3. Invalidate cache after a mutation

Replaces ~13 lines of boilerplate per mutation with a declarative definition.

order-list.store.ts

@Injectable()
export class OrderListStore {
  readonly #api = inject(OrderApi)

  readonly orders = cachedResource({ /* ... */ })

  readonly deleteOrder = cachedMutation({
    cache: this.#api.cache,
    mutationFn: (id: string) => this.#api.delete$(id),
    invalidateKeys: (id) => [['order', 'details', id], ['order', 'list']],
  })
}

order-list.component.html

<button
  (click)="store.deleteOrder.mutate(order.id)"
  [disabled]="store.deleteOrder.isPending()"
>
  @if (store.deleteOrder.isPending()) { Deleting... } @else { Delete }
</button>

@if (store.deleteOrder.error()) {
  <div class="error-banner">
    Delete failed.
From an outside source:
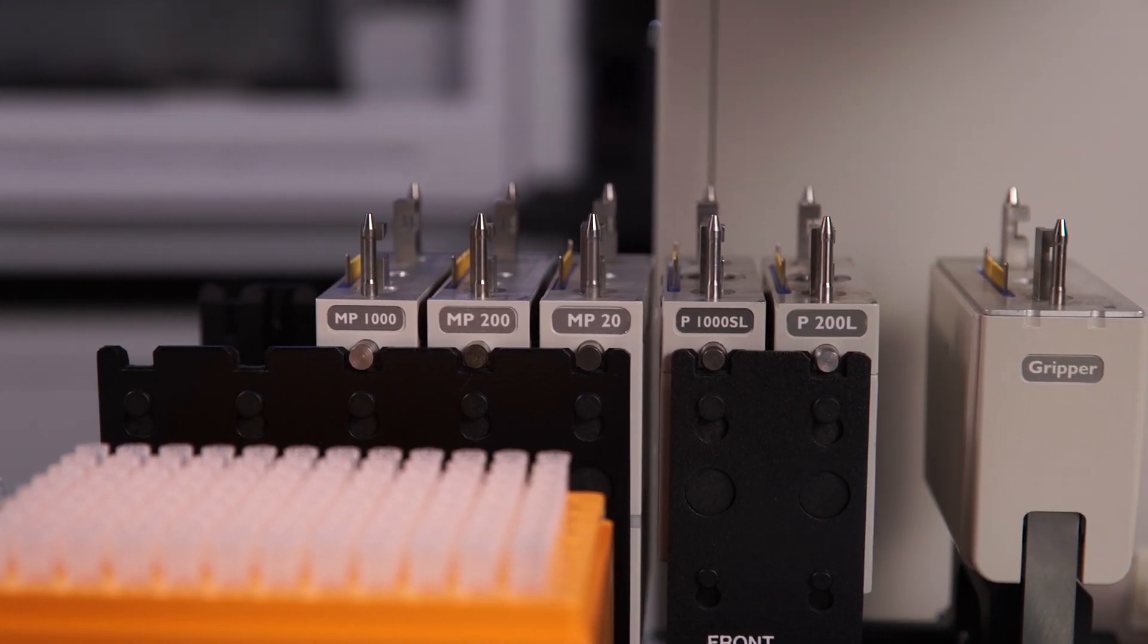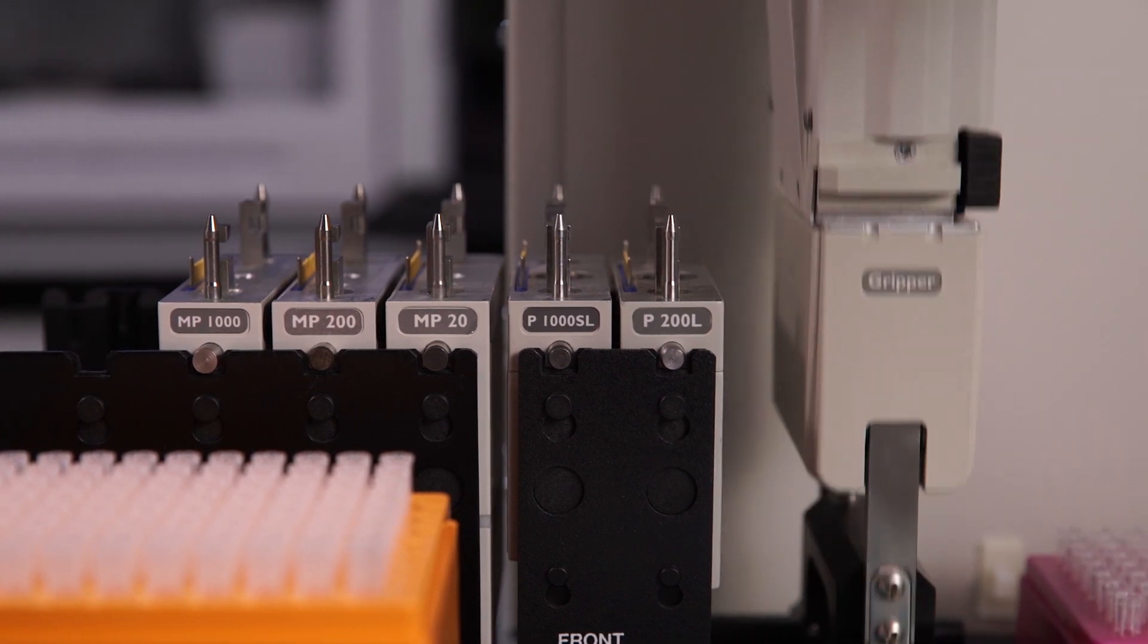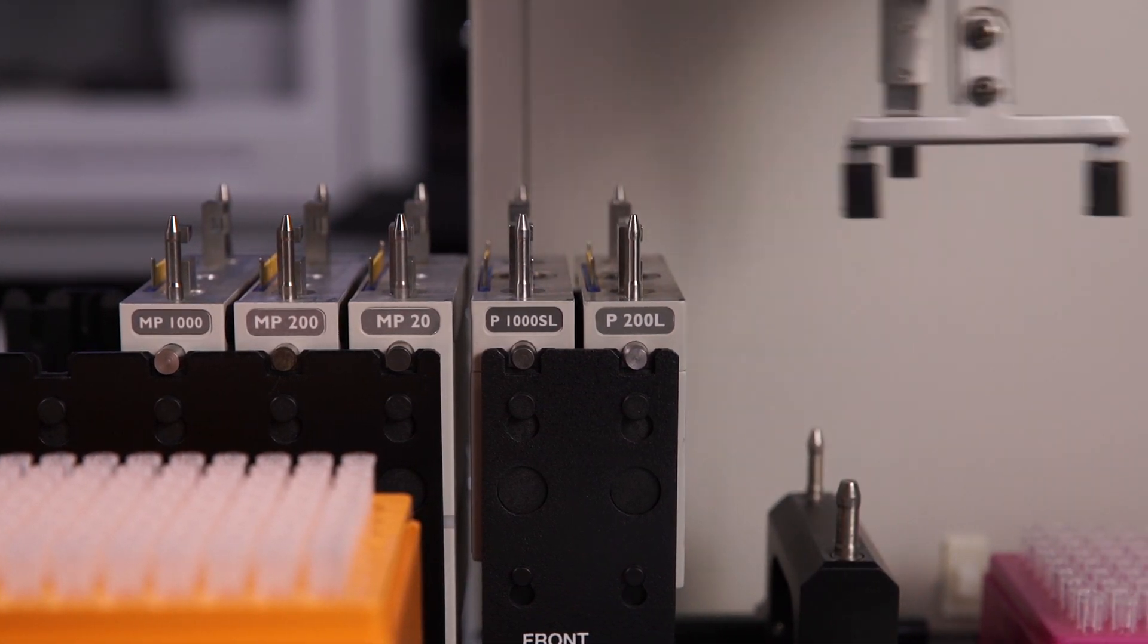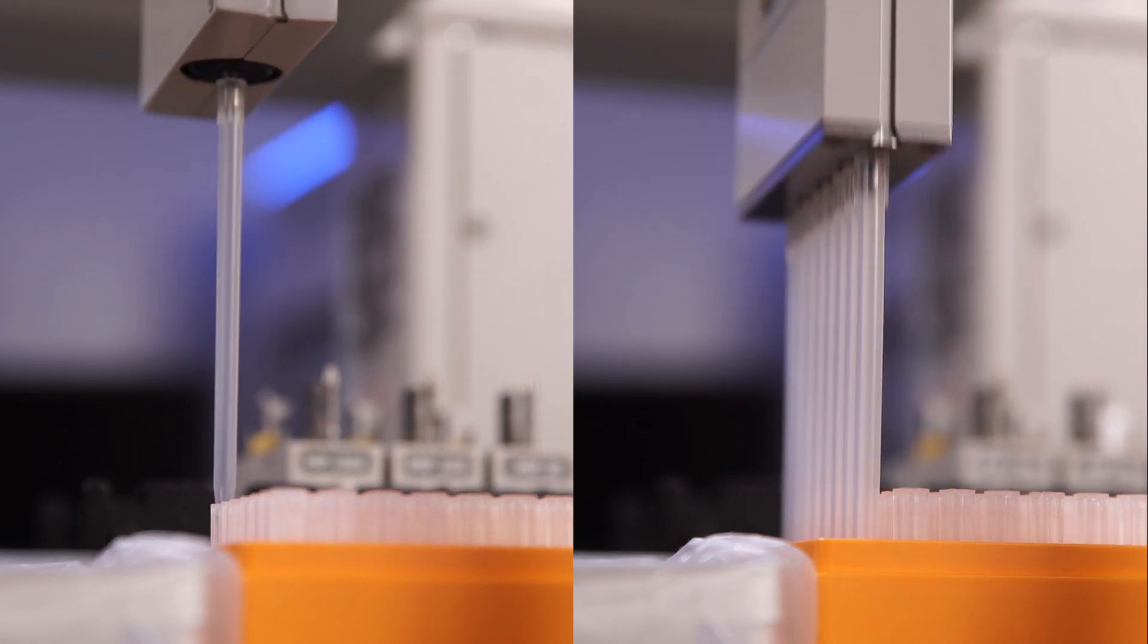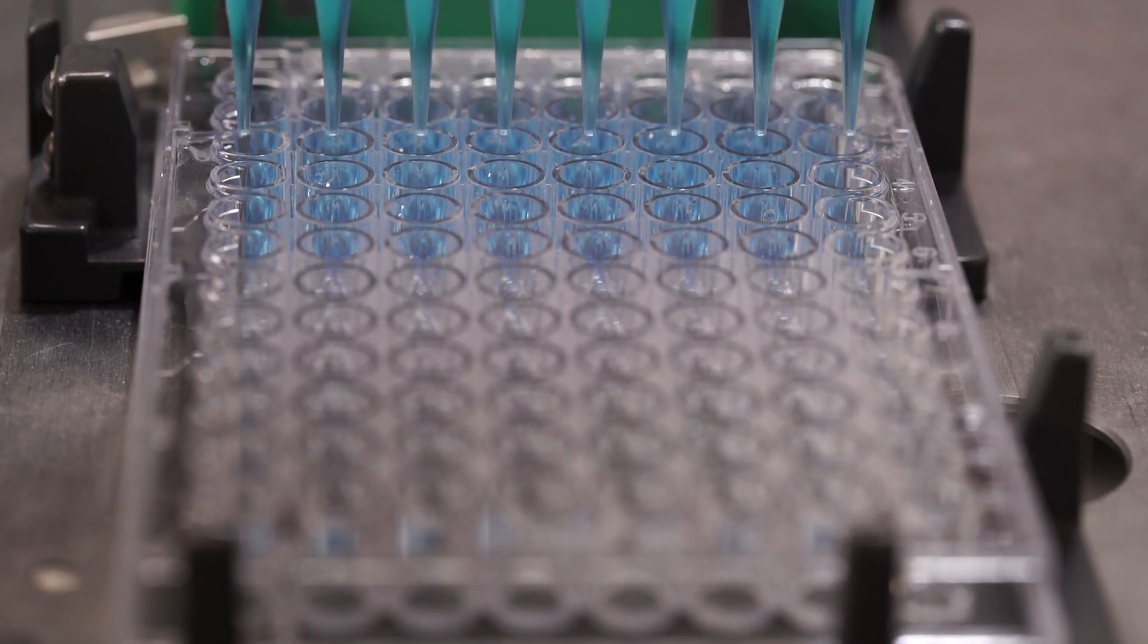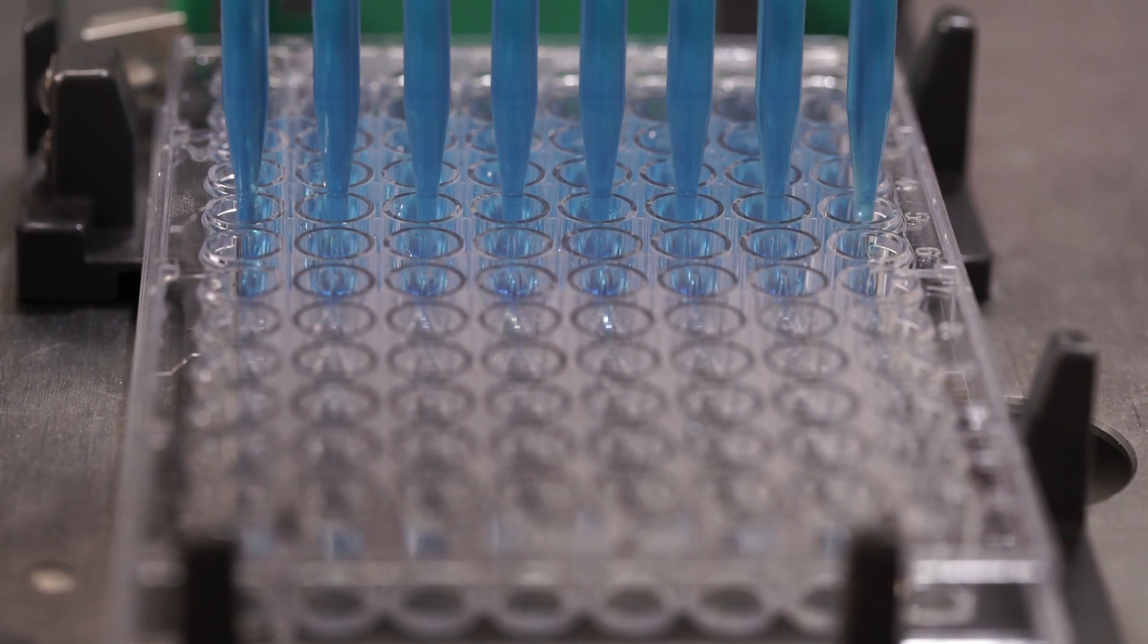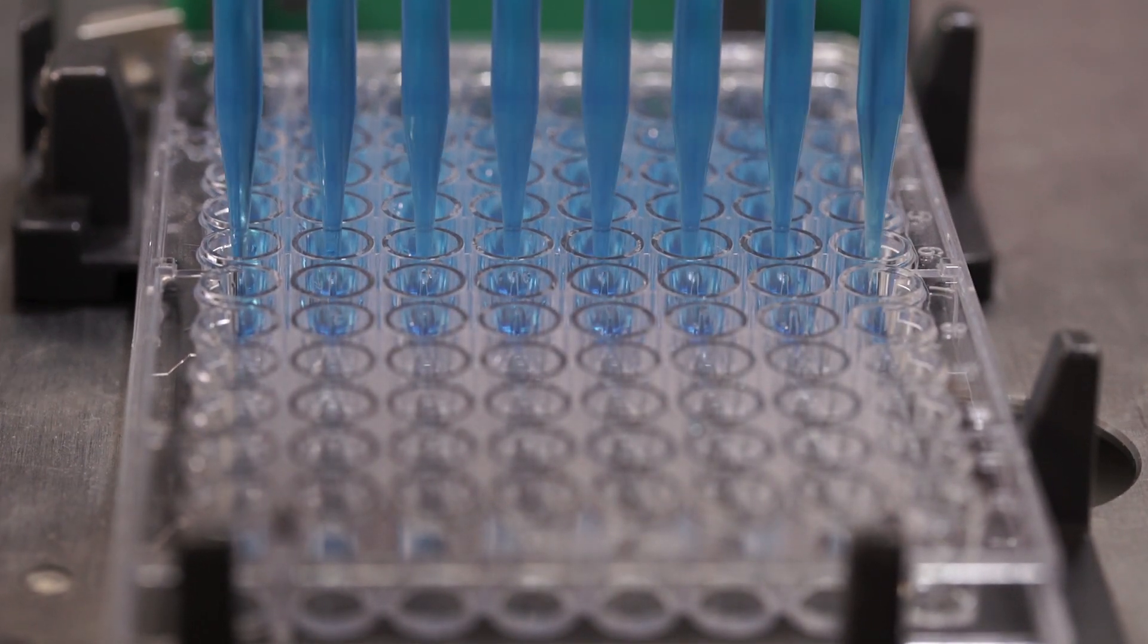The Biomech 4000's integrated tools provide a dynamic pipetting range of 1 to 1,000 microliters while offering the flexibility of single or eight-channel pipetting. This provides the ability to run small and odd-number batch sizes without the dead volume penalty associated with multi-channel systems.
Please try again.
    <button (click)="store.deleteOrder.reset()">Dismiss</button>
  </div>
}

When you need to react to the result in TypeScript:

order-list.component.ts

@Component({
  template: `
    <button (click)="onDelete(order.id)" [disabled]="store.deleteOrder.isPending()">
      Delete
    </button>
  `,
})
export class OrderListComponent {
  readonly store = inject(OrderListStore)

  async onDelete(id: string) {
    const result = await this.store.deleteOrder.mutate(id)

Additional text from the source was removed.